This project showcases an ETL (Extract, Transform, Load) pipeline that integrates a MinIO S3 bucket for file ingestion, processes uploaded files, and stores the data in a PostgreSQL database. The entire system is containerized using Docker and features Grafana for visualization. Airflow is used to orchestrate the pipeline.
To provide a useful example of an ETL pipeline, this project utilizes a coffee dataset that includes historical data on coffee production by country, providing insights into global coffee trends. Additionally, the pipeline is able to process data that tracks the evolution of coffee prices over time, allowing for comprehensive analysis and visualization of the coffee market dynamics.
- Docker (Check installation wiki)
The project is divided into two Docker Compose stacks:
- Main stack: Includes MinIO, Grafana, a Python script to initialize the system, and the PostgreSQL database.
- Airflow stack: Contains Airflow and its internal services for orchestration.
-
Clone the repository:
git clone https://github.com/zemendes1/ETL-Pipeline-Coffee-Data.git
-
Build and Run the Main Stack:
Build and start the main services (MinIO, PostgreSQL, and Grafana):
docker compose build docker compose up
-
Build and run the application:
Navigate to the Airflow directory, set up its environment, and start the services:
cd Airflow mkdir -p ./dags ./logs ./plugins ./config echo -e "AIRFLOW_UID=$(id -u)" > .env docker compose up airflow-init docker compose up
NOTE: If using a platform other than linux/amd64, you may need to modify docker-compose.yml to match your architecture. Refer to Airflow's official documentation for details.
-
Configure MinIO:
-
Access the MinIO Web UI, which should be located at http://127.0.0.1:9001/.
-
Log in with default credentials (username: ROOTNAME, password: CHANGEME123).
-
Create an S3 bucket named coffee-dataset-example.
-
Set up an event notification to send data to the PostgreSQL database.
Figure 1: Setting up an event destination from MinIO to PostgreSQL.
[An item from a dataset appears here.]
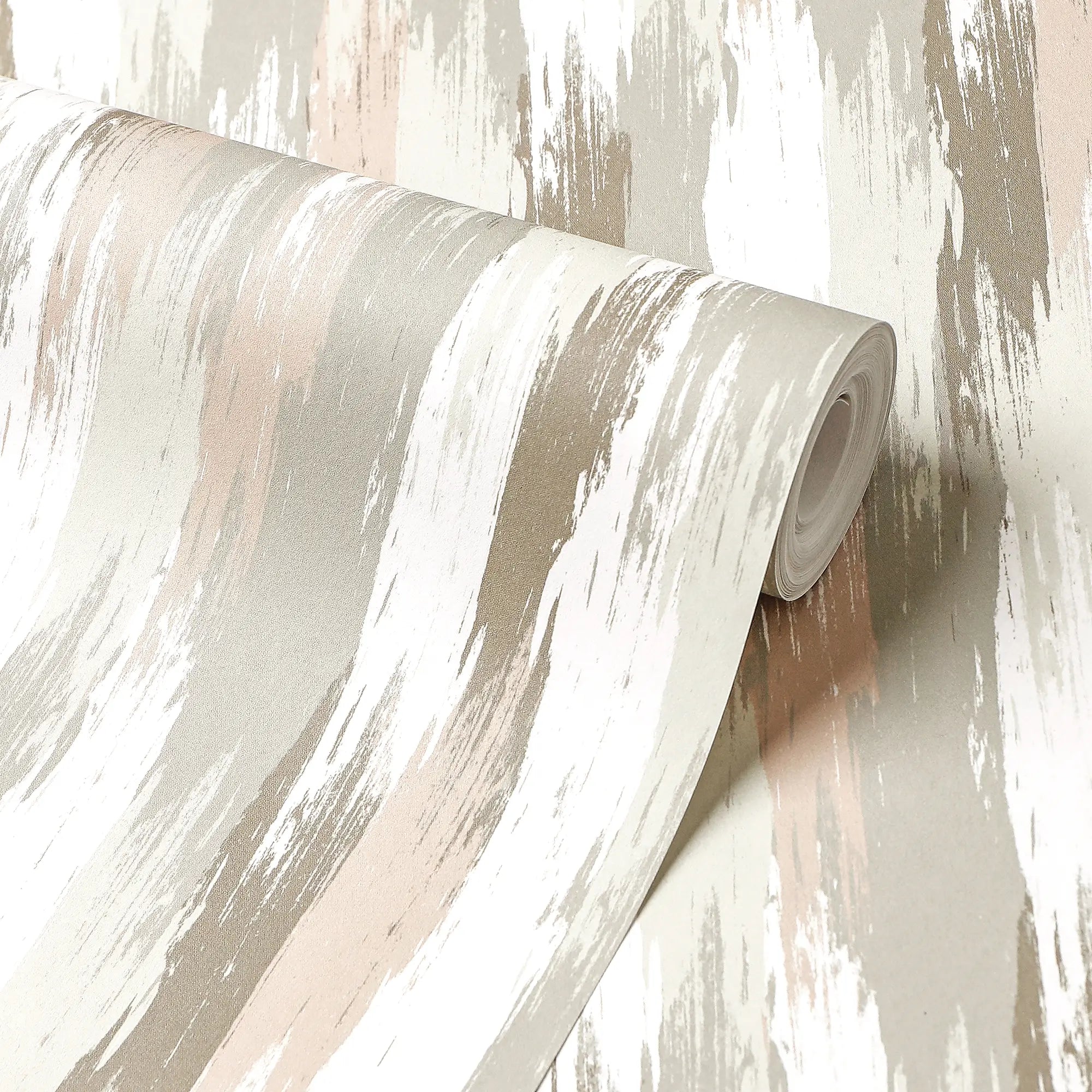 Layered Brushstrokes Wallpaper in Terracotta and Neutrals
Figure 2: Configuring event notifications for file uploads.-
Upload example files (Coffee_production.csv and Coffee_domestic_consumption.csv) in the folder "Example-CSV-Files/Test-Data" to the bucket.
-
Restart the Docker services and verify that data has been ingested into the database tables coffee_production and coffee_domestic_consumption.
-
-
Configure Airflow:
-
Access the Airflow Web UI, which should be located at http://127.0.0.1:8080/.
-
Log in with default credentials (username: airflow, password: airflow).
-
Create connections to the following:
- MinIO S3 bucket
- PostgreSQL database
Figure 3: Connection setup from Airflow to MinIO.
Figure 4: Connection setup from Airflow to PostgreSQL.
Figure 5: Connections overview in Airflow.- Enable the DAG file_upload_processor in the Airflow dashboard. This DAG runs every 5 minutes to monitor new file uploads.
-
-
Configure Grafana: Lastly, we can create a simple dashboard in Grafana to proudly display our ETL and testing data.
-
Access the Grafana Web UI, which should be located at http://127.0.0.1:3111/.
-
Create a data source connection to the PostgreSQL database.
Figure 7: Connecting Grafana to PostgreSQL.- Design a dashboard to visualize your ETL pipeline data. Refer to the dashboard folder in this repository for examples.
-
- MinIO S3 Bucket: Manages file uploads and triggers notifications.
- Airflow DAG: Automates ETL processing.
- PostgreSQL Database: Stores transformed data.
- Grafana: Visualizes pipeline performance and data insights.
- Ensure Docker is installed and running correctly.
- Verify all services are accessible at the specified URLs.
- Review the logs (./logs) for detailed error information.
Feel free to fork this repository and submit pull requests. Contributions are welcome!
This project is licensed under the MIT License.